1980 haben Sie die Interessenvertretung der Bus- und Bahnbenutzer mitgegründet. Aus welchem Anlass?

Ich habe in Bonn als Student als Straßenbahnschaffner gearbeitet. Da durfte ich die Türen auf- und zumachen, musste die Haltestellen ansagen und die Streifenkarten stempeln. Bahnfahren fand ich eigentlich immer schön. Hier kam ich dann über den BUND zum Arbeitskreis Schienenverkehr und zum VCD. Über die Kreuztaler SPD und ein Bürgerfunk-Interview mit Herbert Perl (Ratsmitglied, d.Red.) entstand dann auch noch die Fahrradinitiative Kreuztal-Hilchenbach. Für Bus und Bahn brauchte man damals noch verschiedene Fahrscheine. Damals haben wir als Interessenvertretung auch die Forderung aufgestellt, dass eigentlich jedes Aufsichtsratsmitglied der VWS (Verkehrsbetriebe Westfalen-Süd, d.
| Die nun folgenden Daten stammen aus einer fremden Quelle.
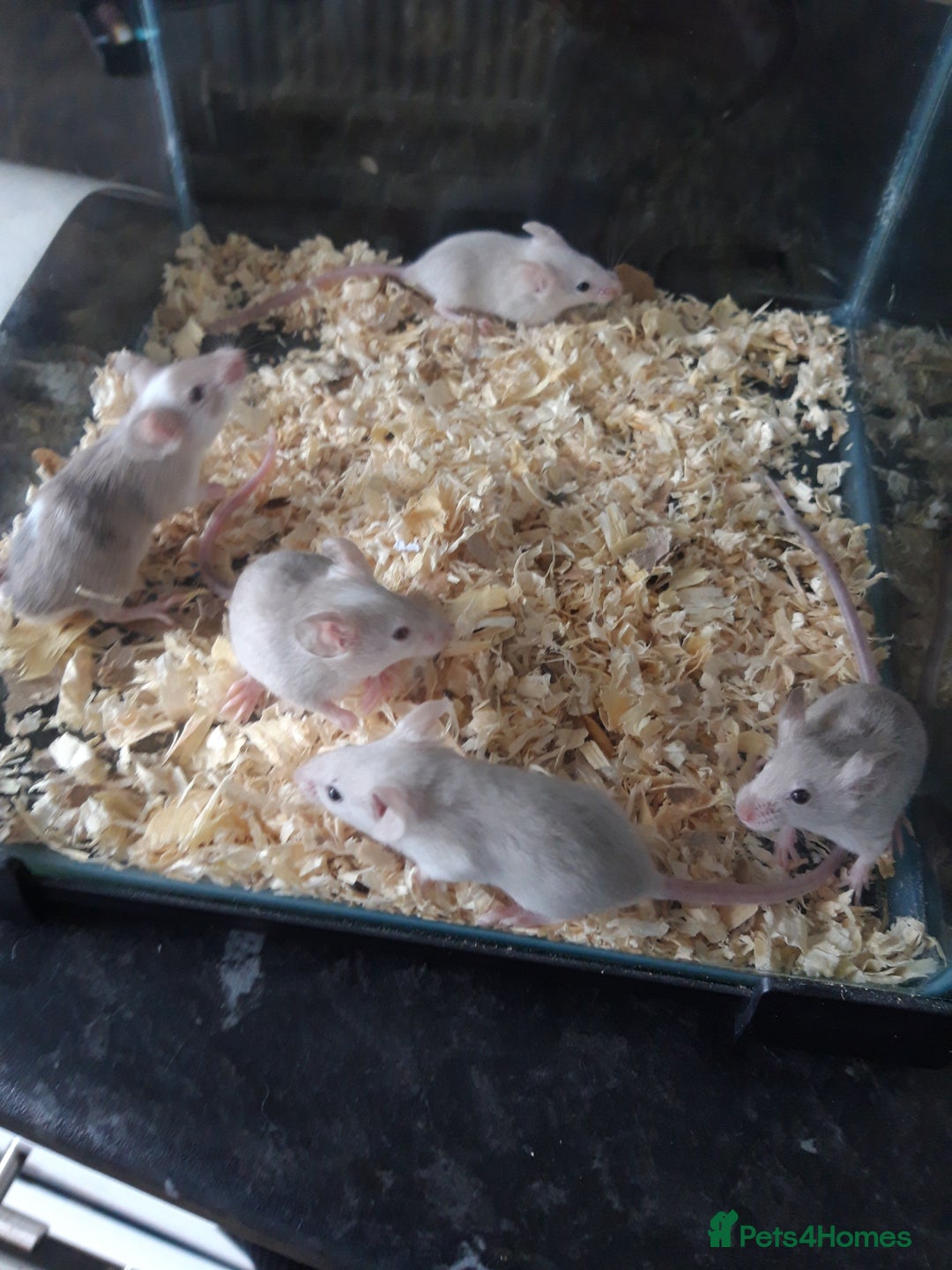 Mouse rodents for sale: Fancy mice babies  in Manchester - Image 6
Red.) jährlich 1000 Kilometer im öffentlichen Nahverkehr nachweisen sollte.

Und dann gab es noch Ihre Zeit in der SPD...
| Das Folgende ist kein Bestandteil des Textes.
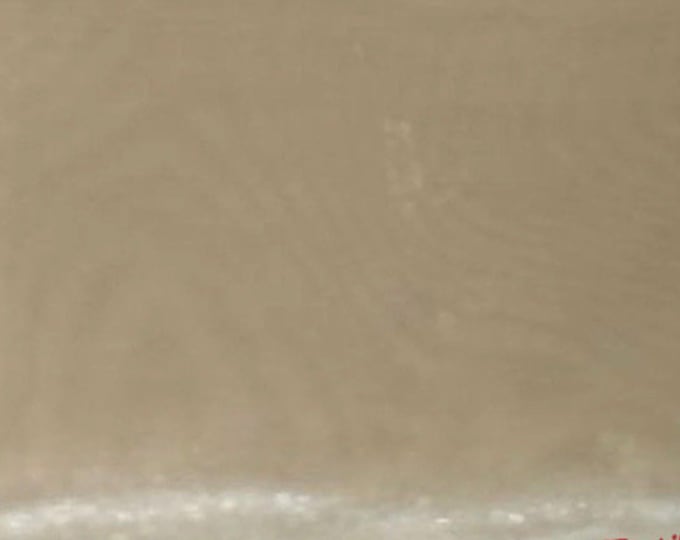 Champagne crystal Organza sheer fabric polyester 58" wide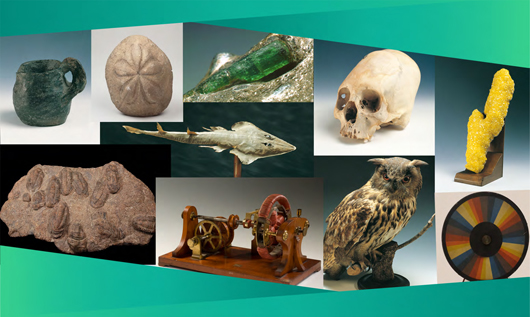 2022 09 24 Centro Musei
Da leitete ich in Kreuztal den Arbeitskreis Verkehr. Der damalige Bürgermeister ärgerte sich, wenn ich Pressemitteilungen für Fahrradständer oder einen neuen Bahn-Haltepunkt in Kreuztal-Mitte herausgab. Nur wenige Ideen zur Verbesserung der Situation für Fahrgäste, Radfahrer und Fußgänger wurden umgesetzt. So wurde damals beim Bau kein Radweg auf der Langenauer Brücke, keine Fahrradständer oder Fahrradboxen in der Stadtmitte eingerichtet. Nach drei Jahren war meine Arbeit in der SPD zu Ende. Meine Ideen ließen sich politisch nicht umsetzten. Die öffentliche Arbeit in Verbänden VCD, ADFC, BUND, ProBahn in guter Zusammenarbeit mit der regionalen Presse hatten wesentlich mehr Erfolg.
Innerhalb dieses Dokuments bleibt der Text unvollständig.